Отрезвление ударило неожиданно и коварно, словно нож в спину.
— Итак, вы говорили, что не пожалели бы своей души в обмен на жизнь Марты Ивонич? — с едва заметной усмешкой проговорил господин Трэйтор, дернув себя за клочок волос на подбородке.
…Она бежала темными запутанными коридорами, где с бугристого потолка капала слизь, на стенах копились огромные колонии светящихся гусениц, а за спиной раздавался топот и тяжелое дыхание Стражей; Марта мчалась из последних сил, унося с собой что-то… она сама не знала — что именно, но бросить украденное было нельзя, никак нельзя, да и Стражи все равно не оставили бы ее в покое.
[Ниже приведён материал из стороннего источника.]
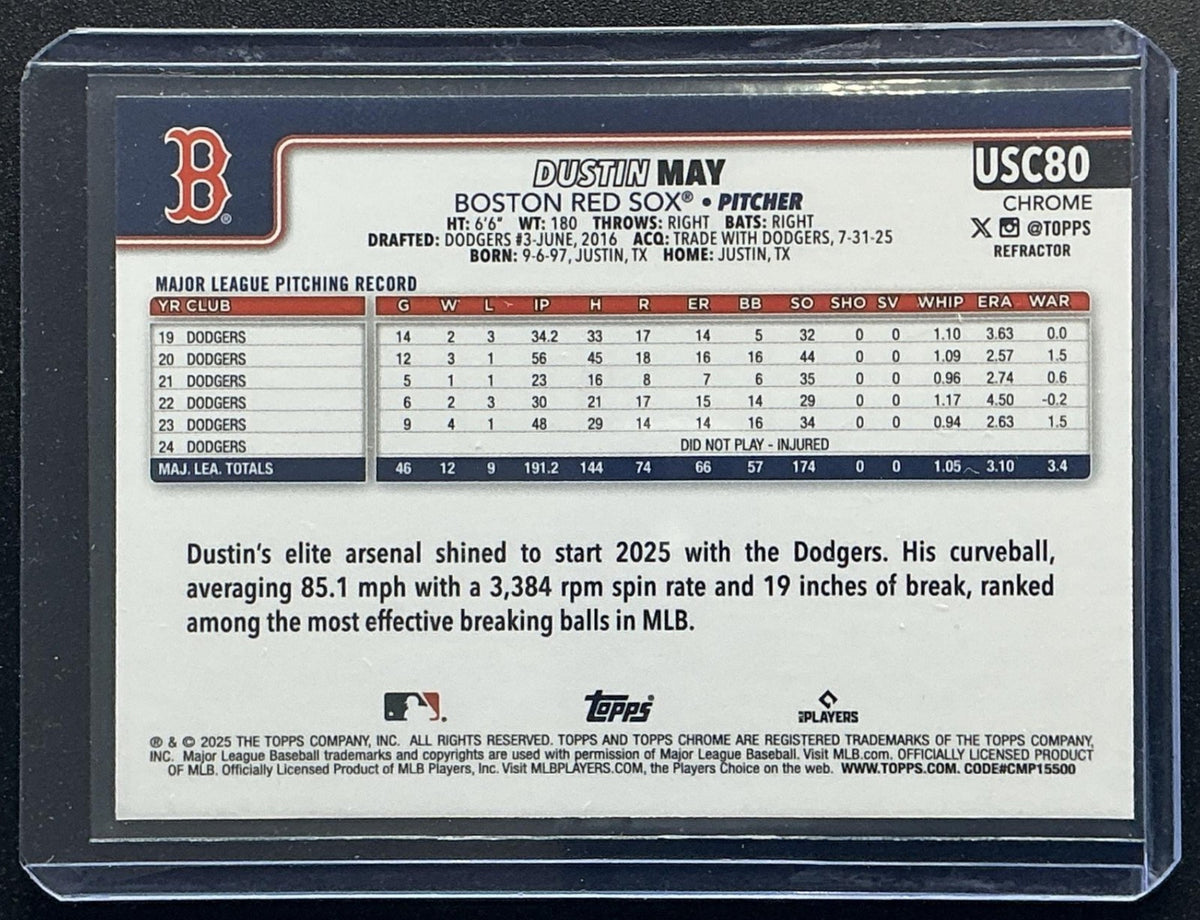 DUSTIN MAY 2025 TOPPS CHROME UPDATE #USC80 REFRACTOR RED SOX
Марта чувствовала, что уже давно заблудилась в этом бесконечном внутреннем лабиринте, что Стражи гонят ее к Черному Ходу, к тому пульсирующему омуту, разъедающему жертву, о котором ей не раз рассказывал вечерами батька Самуил. Несмотря на ужас и липкое отчаяние, парализующие волю, она заставила себя остановиться и встретить Стражей лицом к лицу. Это ничего не давало, кроме возможности достойно умереть — но Стражи почему-то все не показывались, а потом за поворотом коридора послышался какой-то шум и хриплое рычание, переходящее в затихающий бессильно-злобный вой. Марта кинулась туда и, свернув за угол, увидела Джоша, ее Джоша, спокойного сосредоточенного Молчальника, который вытирал об штанину длинный окровавленный нож.